What you have to do: Using the listing below, output only the lines from the one that contains "Industrial Robotics Control" through the one that contains "5V AA alkalické", inclusive, exactly as given and without images.

Material provided:
◇ ◇ ◇

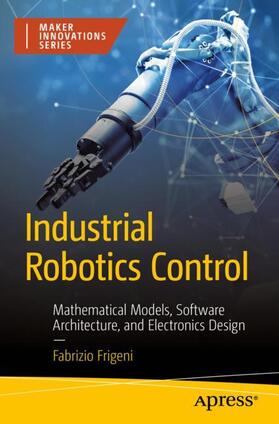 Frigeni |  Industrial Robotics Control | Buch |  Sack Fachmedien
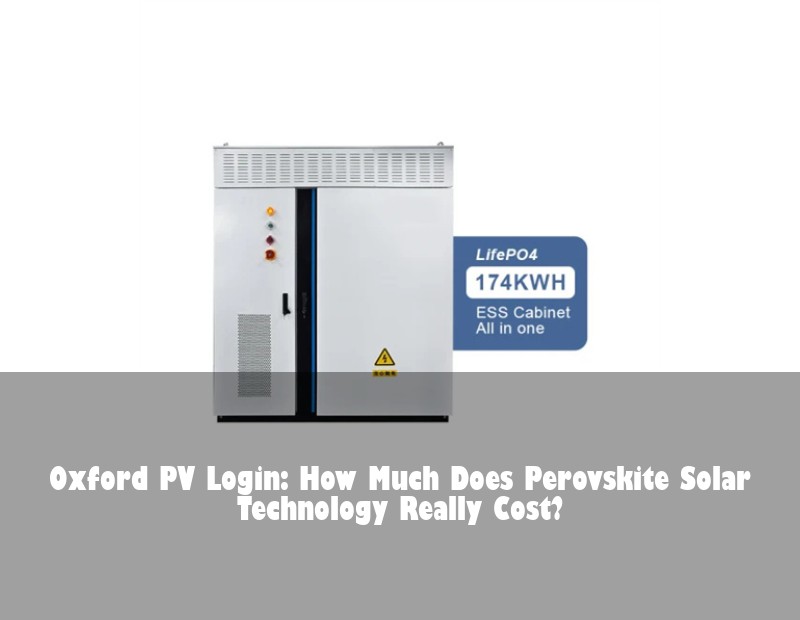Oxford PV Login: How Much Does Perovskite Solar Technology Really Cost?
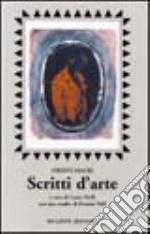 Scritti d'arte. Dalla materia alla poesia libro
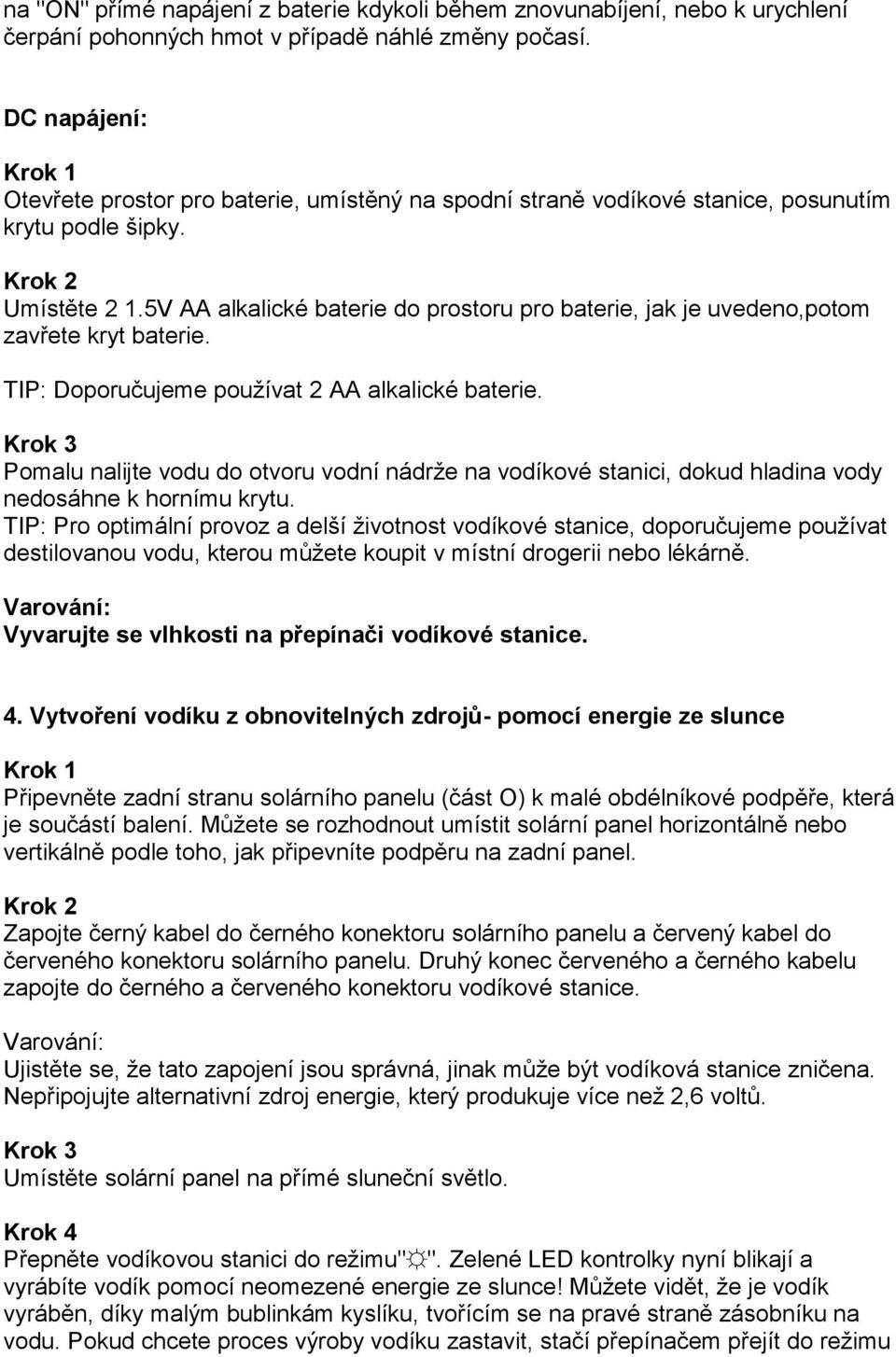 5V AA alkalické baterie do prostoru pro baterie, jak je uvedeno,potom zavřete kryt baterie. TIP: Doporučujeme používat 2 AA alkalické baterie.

◇ ◇ ◇

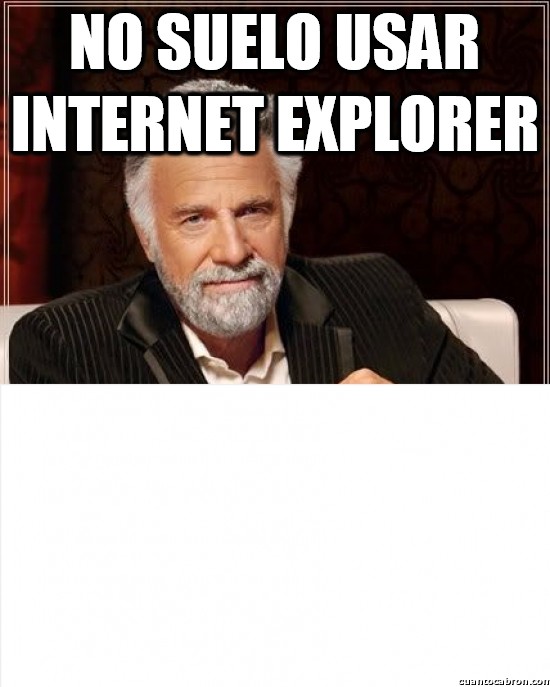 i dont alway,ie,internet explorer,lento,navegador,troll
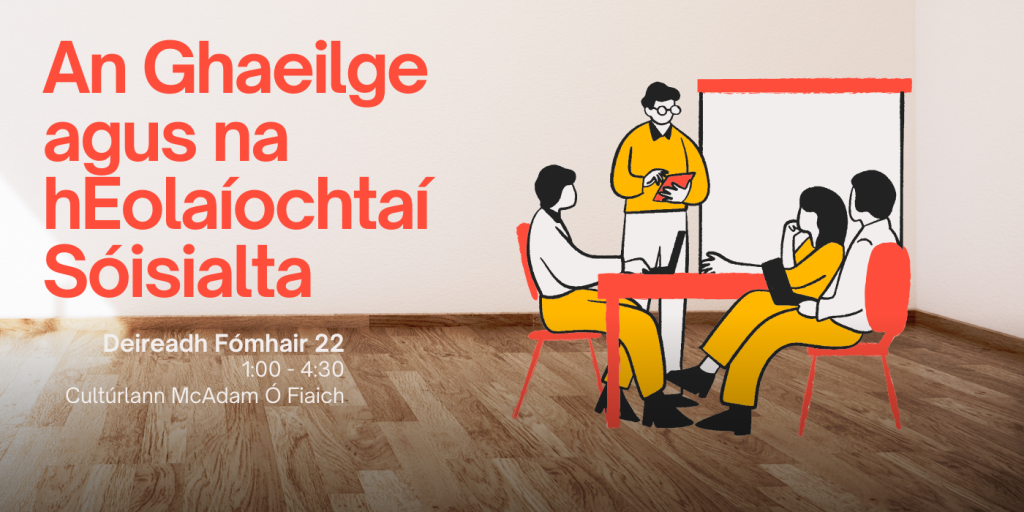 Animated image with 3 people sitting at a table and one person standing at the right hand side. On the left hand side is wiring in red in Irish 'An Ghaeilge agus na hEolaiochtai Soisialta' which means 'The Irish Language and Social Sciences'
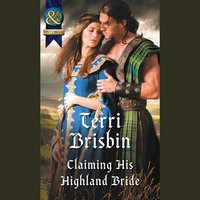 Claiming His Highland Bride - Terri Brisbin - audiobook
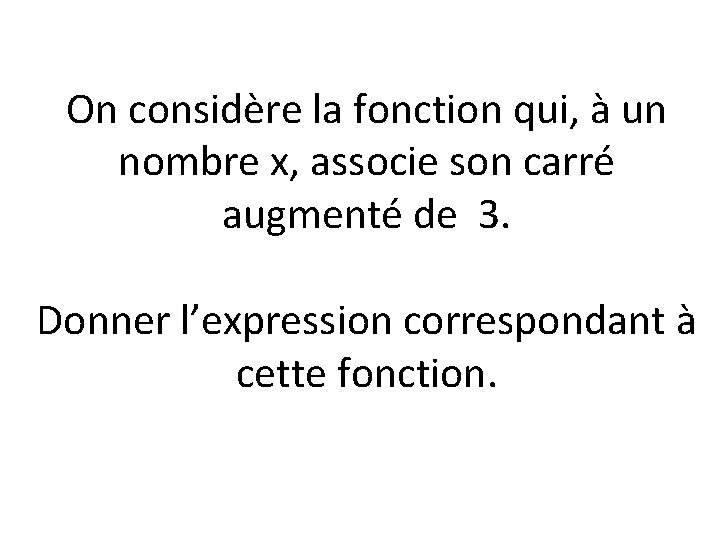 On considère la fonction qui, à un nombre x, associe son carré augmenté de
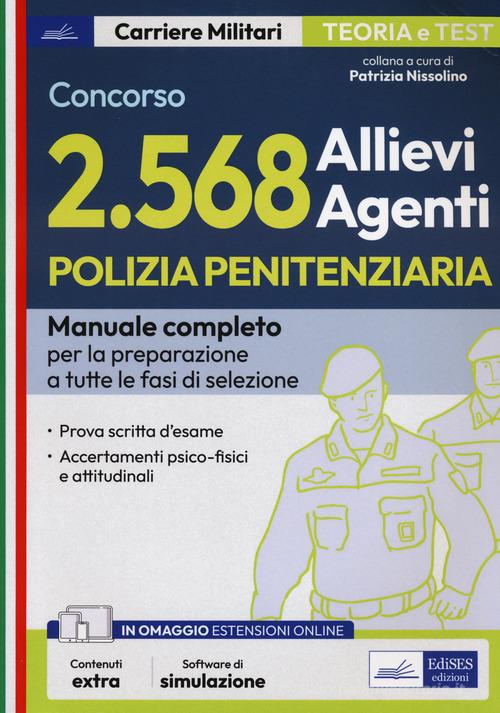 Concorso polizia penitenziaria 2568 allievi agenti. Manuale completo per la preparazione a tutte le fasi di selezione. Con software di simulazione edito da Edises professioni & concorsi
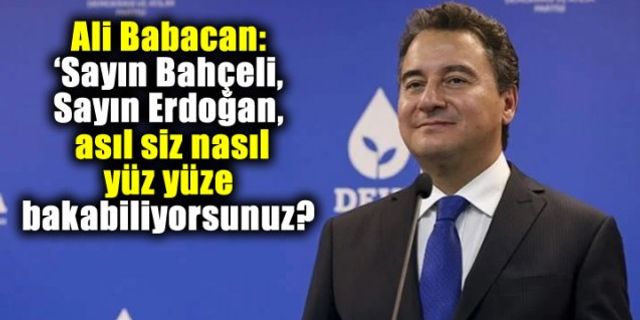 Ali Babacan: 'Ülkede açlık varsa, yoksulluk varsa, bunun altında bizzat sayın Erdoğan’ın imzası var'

◇ ◇ ◇

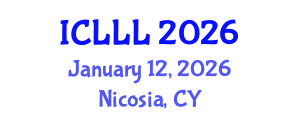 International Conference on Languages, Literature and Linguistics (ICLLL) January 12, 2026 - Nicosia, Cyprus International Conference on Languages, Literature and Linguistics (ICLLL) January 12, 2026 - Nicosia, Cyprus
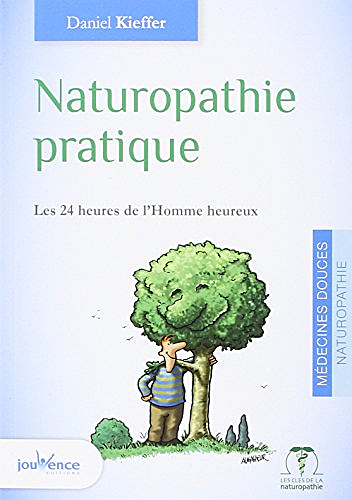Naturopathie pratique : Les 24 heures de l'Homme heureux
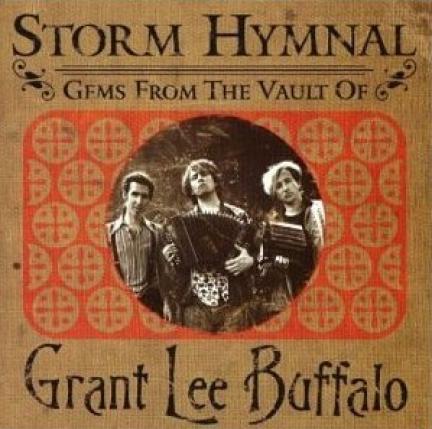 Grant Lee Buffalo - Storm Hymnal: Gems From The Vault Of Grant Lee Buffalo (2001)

◇ ◇ ◇

Problem solution:
 Frigeni |  Industrial Robotics Control | Buch |  Sack Fachmedien
Oxford PV Login: How Much Does Perovskite Solar Technology Really Cost?
 Scritti d'arte. Dalla materia alla poesia libro
 5V AA alkalické baterie do prostoru pro baterie, jak je uvedeno,potom zavřete kryt baterie. TIP: Doporučujeme používat 2 AA alkalické baterie.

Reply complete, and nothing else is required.